Getting started with Symflower

Symflower helps you build better software by pairing static, dynamic and symbolic analyses with LLMs. This page provides a quick walkthrough to help you get started with Symflower.
For more information, see our documentation.

Install guide

Choose your environment to install Symflower:

  • Android Studio: Open Plugins, search for “Symflower”, and click Install.
  • CLI: On Linux or MacOS, run the command curl -sSLf https://get.symflower.com/install | sh. On Windows, download and open the MSI installer. There’s also the option of downloading the binary for manual installation.
  • IntelliJ IDEA: Open Plugins, search for “Symflower”, and click Install.
  • Visual Studio Code: Open Extensions, search for “Symflower”, and click Install.

See the documentation to learn more about installing Symflower. Please also check out our End-user License Agreement and our Privacy Policy.

Licensing

Some of Symflower’s features are only accessible with a license key. Visit our Licensing page to obtain a license key, and see the documentation for information on activating your license key.

Quick start guide

Symflower adds testing features to your IDE and provides a range of features for working with LLMs:

If you’re working in an IDE, we recommend you start by generating smart test templates to see how Symflower works:

  1. Open the file you want to analyze
  2. Right-click anywhere on a function
  3. Choose “Symflower: Generate Test Template for Function”

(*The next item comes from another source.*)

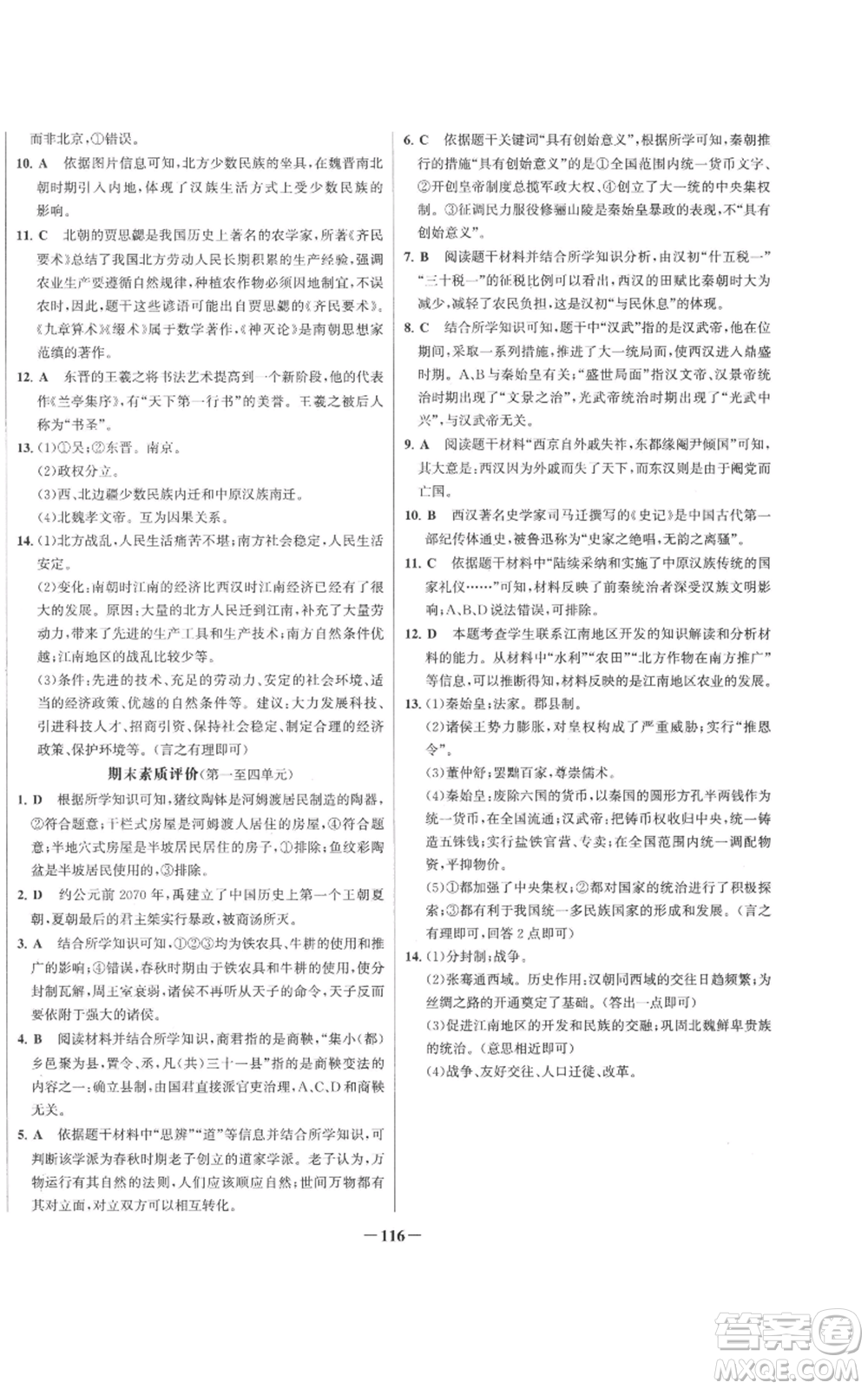 未來出版社2022秋季世紀(jì)金榜初中百練百勝七年級上冊歷史人教版參考答案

To continue, start generating test suites via symbolic execution or LLMs.

Visit our documentation to learn more about integrating Symflower into your workflow, using test templates with Spring Boot applications, and managing tests. The documentation also provides information on configuring Symflower, using the tool to migrate code, accessing logs for debugging, and tutorials on multiple use cases.

Symflower for LLMs

Symflower offers a range of features for LLMs supporting LLM development, benchmarking, LLM-based code generation workflows, and RAG.

Learn more and find usage information for each of these features:

  • symflower fix: a static analysis tool to repair code generated by LLMs
  • symflower lint: runs static analysis with preconfigured linting rules on your project
  • symflower migrate: migrates code, packages, dependencies and whole projects automatically
  • symflower run: sends a main function to Symflower for symbolic execution and returns coverage as a result
  • symflower symbols: queries all functions and methods in a repository and outputs a list of all the symbols
  • symflower test: executes the tests in your project and outputs test results and coverage information
  • symflower test-runner: performs package-level test impact analysis on your Go repositories to identify tests that are affected by the source code changes specified in your query
  • symflower trace: a task visualization tool that provides insights into application execution behavior.